Côté ville de Valenciennes, la vacance du poste de maire devrait entraîner l’organisation d’une élection municipale partielle dans les trois mois, conformément à la loi. Le conseil municipal devra alors désigner un nouveau maire parmi ses membres, le temps que les électeurs soient consultés. Cette situation intervient alors que la ville traverse une période de stabilité politique depuis 2012, et que le successeur de Laurent Degallaix devra gérer les dossiers en cours, notamment ceux liés à la transition écologique et à la gestion des services publics.

Et maintenant ?

Dans les prochaines semaines, Laurent Degallaix pourrait déposer un recours devant le Conseil d’État pour contester sa démission d’office, ce qui pourrait retarder son départ effectif. Si sa requête est acceptée, sa démission serait suspendue le temps de l’instruction, lui permettant de rester en fonction temporairement. Cependant, cette hypothèse reste incertaine, car les précédents judiciaires penchent en faveur d’une application immédiate des peines d’inéligibilité. Côté municipal, la campagne pour la désignation d’un nouveau maire pourrait s’ouvrir dès la validation définitive de la démission de Laurent Degallaix, avec un scrutin qui pourrait se tenir avant la fin de l’année 2026.

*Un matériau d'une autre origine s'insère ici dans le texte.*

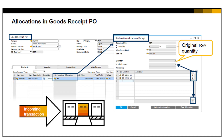To manually allocate the quantity in the row, choose the link arrow in the bin location allocation field. The bin location allocation receipt window opens for this row. In the matrix at the bottom of the window, allocate the row quantity to the desired bin locations. You may split the allocated quantity across multiple bin location codes.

Cette affaire rappelle les risques encourus par les élus locaux lorsqu’ils utilisent leur position pour des intérêts personnels ou lorsqu’ils cherchent à influencer des procédures judiciaires. Elle illustre aussi la rigueur de la justice administrative et pénale face aux manquements des responsables publics, quels que soient leurs rangs ou leurs parcours.

La condamnation de Laurent Degallaix à cinq ans d’inéligibilité avec effet immédiat s’explique par la mention « exécution provisoire » de sa peine. Cette disposition, prévue par l’article 471 du code de procédure pénale, permet à la justice de rendre une peine applicable dès le jugement, sans attendre un éventuel appel, dans les cas où la loi le prévoit expressément. Ici, les infractions de prise illégale d’intérêts et de subornation de témoin justifiaient une application immédiate de l’inéligibilité.

Laurent Degallaix dispose d’un mois pour faire appel de la décision du tribunal administratif de Lille devant le Conseil d’État. Si son appel est suspensif, sa démission pourrait être retardée. Côté municipal, la vacance du poste de maire devrait entraîner une élection partielle dans les trois mois, une fois la démission effective. Les électeurs valenciennois pourraient donc être appelés aux urnes avant la fin 2026.